(Stored dataset items)

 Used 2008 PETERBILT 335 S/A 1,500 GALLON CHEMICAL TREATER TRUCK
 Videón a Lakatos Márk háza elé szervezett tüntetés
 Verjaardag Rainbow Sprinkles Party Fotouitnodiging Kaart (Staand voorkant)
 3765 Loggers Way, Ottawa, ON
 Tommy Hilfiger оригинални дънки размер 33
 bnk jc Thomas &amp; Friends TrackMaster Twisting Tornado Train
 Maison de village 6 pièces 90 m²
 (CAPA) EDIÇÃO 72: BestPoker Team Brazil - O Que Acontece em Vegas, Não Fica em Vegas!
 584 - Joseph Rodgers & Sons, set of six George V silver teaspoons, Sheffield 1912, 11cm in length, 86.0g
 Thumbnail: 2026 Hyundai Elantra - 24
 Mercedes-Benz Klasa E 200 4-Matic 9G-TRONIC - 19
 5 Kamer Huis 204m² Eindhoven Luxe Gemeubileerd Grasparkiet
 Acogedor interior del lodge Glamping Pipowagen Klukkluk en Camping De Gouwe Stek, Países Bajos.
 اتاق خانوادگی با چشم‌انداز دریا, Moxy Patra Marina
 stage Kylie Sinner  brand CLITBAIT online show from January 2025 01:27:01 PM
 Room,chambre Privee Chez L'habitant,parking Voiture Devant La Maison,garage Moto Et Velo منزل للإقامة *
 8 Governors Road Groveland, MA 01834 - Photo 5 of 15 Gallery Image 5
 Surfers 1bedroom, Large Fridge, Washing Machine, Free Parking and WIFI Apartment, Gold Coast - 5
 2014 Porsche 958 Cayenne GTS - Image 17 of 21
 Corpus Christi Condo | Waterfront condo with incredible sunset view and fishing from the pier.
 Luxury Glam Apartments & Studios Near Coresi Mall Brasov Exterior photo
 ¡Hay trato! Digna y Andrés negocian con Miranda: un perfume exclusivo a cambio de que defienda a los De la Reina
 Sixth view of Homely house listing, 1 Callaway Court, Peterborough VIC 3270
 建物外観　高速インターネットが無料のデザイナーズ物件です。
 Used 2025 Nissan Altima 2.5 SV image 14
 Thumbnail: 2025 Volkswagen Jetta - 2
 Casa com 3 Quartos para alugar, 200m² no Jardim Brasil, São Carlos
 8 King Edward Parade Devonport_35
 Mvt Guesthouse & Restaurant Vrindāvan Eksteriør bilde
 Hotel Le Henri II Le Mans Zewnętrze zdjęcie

§ What you need to do
Wherever the string "Maison" appears in a line of the records, copy that line.

§ Solved problem
 Maison de village 6 pièces 90 m²
 Room,chambre Privee Chez L'habitant,parking Voiture Devant La Maison,garage Moto Et Velo منزل للإقامة *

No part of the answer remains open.